There are passages, even whole poems in Fred Chappell’s new collection for which there are clearly precedents in, or one might say kinships to, the work of other poets. The urbane chattiness of “Subject Matter,” for instance, makes no bones about it.
It is nice to imagine how
Auden would open
a poem about the Farbenlehre
with a genial phrase:
“The mistaken Faust put
down his prism . . . “
—something like that, but defter;
would find an ism
rhyme pleasant and refreshing,
and with polished ease
would set the situation,
drop in
an intriguing fact or two,
keeping in mind his aim
to civilize our
anxious century.
There are other notes and timbres, though. “Bee” recalls the elegiac John Crowe Ransom. “The Garden” is redolent of Wallace Stevens in its elegantly meditative whimsicality. There are traces—there always have been—of Allen Tate, and there are other voices, too, some of which I may have missed. One can take notice of such gestures, admire their parlor-trick dexterity, and leave it at that. But I think that would be to miss part of the point of Chappell’s extraordinary new volume.

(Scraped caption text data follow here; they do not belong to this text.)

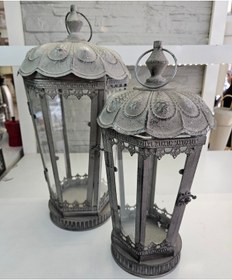 Resim ALANYA HOME DECOR Decorative Lanterns 2 Pcs METAL MAT GRİ ESKİTME 2 li BÜYÜK FENER 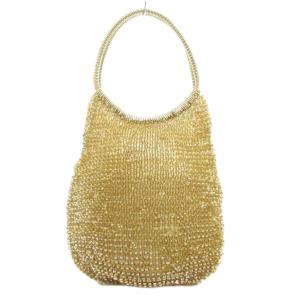 ANTEPRIMA スタンダード ラウンド ワイヤーハンドバッグ 肩掛け PVC ゴールドカラー /GV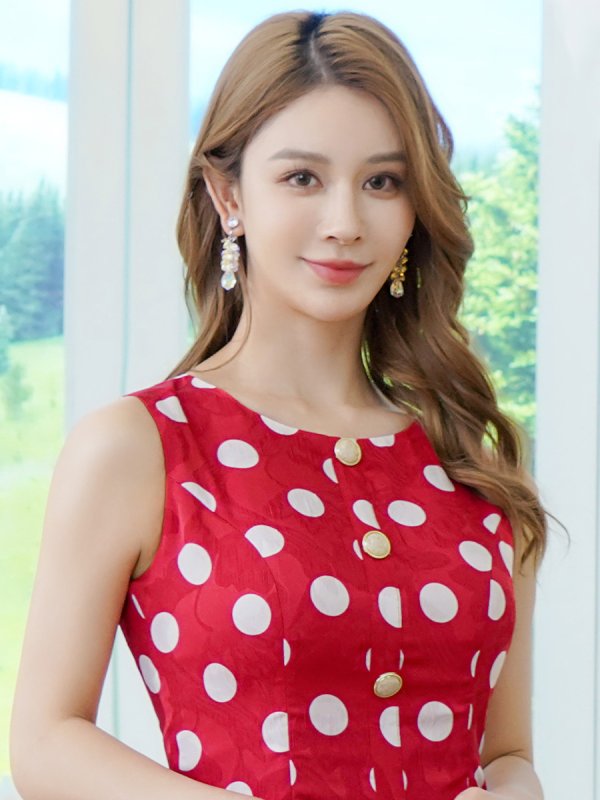 画像4: [送料無料][ERUKEI]レッド×ホワイト・ブラック×ベージュ・ベージュ×ブラック・ドット・ノースリーブ・プリーツ・Aライン・ミニドレス・ワンピース[即日発送][大きいサイズあり] (4)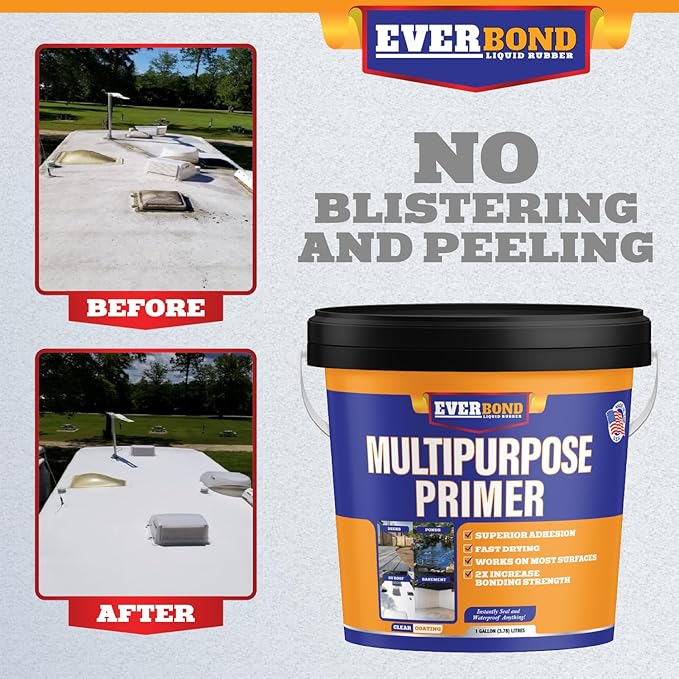 Everbond Multipurpose Primer - Primer for Roof Coatings - Use on EPDM Rubber, Wood, Fiberglass, Concrete, and Metal Surfaces - Easy to Apply on RVs, Campers, and Trailers - 4.75 Gallons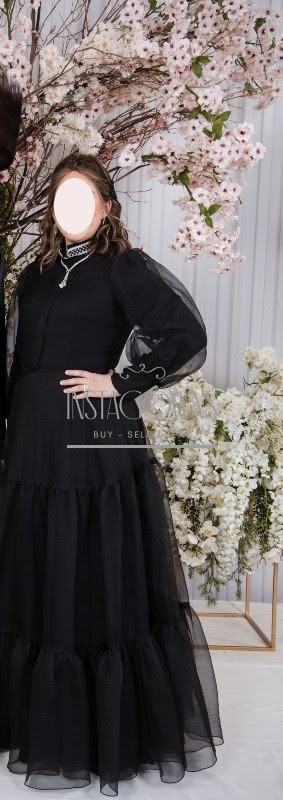 Slenderizing gown with BW beading for sale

Bemused imitation, more or less helpless, is predictable behavior in a promising novice. Indeed, that’s mostly how a novice learns the tricks of his trade as, by trial and error, he discovers his own character and voice. Chappell, however, is an accomplished master. There can’t be a dozen poets now writing in English to compare with him for technical facility, breadth of culture, and emotional range. If Fred Chappell is playing around this way, it must be serious play. Surely, whatever he does, he does now not merely on impulse but with deliberation.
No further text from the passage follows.